### What you should do
Both the line containing "Used 2018 Super White Toyota LE image 17" and the last line of the listing are included: write out exactly the lines from one to the other.

BEGIN Entries shown

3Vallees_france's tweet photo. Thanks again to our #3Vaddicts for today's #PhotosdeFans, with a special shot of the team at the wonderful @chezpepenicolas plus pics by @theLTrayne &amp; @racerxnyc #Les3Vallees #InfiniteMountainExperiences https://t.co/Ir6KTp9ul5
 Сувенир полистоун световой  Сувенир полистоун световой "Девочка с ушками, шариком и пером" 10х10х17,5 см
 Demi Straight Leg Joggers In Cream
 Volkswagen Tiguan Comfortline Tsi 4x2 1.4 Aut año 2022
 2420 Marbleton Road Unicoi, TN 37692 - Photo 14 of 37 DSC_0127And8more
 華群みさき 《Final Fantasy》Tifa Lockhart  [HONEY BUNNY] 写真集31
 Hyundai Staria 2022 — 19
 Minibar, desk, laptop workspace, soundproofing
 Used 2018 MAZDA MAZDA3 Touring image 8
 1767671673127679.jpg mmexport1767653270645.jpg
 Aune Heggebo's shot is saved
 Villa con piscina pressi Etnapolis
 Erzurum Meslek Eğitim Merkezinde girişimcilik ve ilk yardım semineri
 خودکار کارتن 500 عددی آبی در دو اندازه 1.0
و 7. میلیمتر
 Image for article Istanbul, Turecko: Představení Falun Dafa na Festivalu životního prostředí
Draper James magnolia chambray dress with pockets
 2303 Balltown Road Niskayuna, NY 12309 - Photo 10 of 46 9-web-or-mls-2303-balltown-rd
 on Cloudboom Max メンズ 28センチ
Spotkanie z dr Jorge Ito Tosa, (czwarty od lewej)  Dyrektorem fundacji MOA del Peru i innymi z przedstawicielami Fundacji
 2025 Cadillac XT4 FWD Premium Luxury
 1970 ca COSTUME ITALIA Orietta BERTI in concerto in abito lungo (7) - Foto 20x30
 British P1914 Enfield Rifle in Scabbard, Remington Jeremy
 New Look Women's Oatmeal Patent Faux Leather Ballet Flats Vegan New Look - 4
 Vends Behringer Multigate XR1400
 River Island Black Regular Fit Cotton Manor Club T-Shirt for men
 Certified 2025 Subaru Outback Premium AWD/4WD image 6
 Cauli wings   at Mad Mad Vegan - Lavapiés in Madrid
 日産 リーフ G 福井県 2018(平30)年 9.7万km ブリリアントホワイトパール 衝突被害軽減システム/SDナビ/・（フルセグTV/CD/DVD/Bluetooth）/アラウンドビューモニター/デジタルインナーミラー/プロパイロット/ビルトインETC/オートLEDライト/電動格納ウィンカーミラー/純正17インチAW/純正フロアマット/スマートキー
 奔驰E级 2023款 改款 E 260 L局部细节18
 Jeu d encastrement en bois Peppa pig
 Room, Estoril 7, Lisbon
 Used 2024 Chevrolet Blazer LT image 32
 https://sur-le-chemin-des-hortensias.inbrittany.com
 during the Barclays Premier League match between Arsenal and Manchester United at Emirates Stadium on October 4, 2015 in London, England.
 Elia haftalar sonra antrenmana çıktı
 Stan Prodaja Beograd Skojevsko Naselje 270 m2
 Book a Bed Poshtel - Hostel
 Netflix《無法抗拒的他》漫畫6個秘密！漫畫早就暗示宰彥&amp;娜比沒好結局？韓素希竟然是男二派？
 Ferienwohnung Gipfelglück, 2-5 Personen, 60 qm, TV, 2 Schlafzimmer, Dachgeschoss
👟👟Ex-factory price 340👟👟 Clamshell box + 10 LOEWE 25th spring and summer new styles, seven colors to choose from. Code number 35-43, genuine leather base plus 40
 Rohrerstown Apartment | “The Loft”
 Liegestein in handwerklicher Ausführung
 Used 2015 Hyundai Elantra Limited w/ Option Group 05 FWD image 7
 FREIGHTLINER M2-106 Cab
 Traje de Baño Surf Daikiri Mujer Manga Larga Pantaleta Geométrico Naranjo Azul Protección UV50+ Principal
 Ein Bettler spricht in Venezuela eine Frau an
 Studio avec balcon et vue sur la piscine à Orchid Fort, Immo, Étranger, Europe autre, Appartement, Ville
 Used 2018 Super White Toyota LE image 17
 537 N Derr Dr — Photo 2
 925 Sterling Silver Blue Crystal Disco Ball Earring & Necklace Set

END Entries shown

### Reply to the task
 Used 2018 Super White Toyota LE image 17
 537 N Derr Dr — Photo 2
 925 Sterling Silver Blue Crystal Disco Ball Earring & Necklace Set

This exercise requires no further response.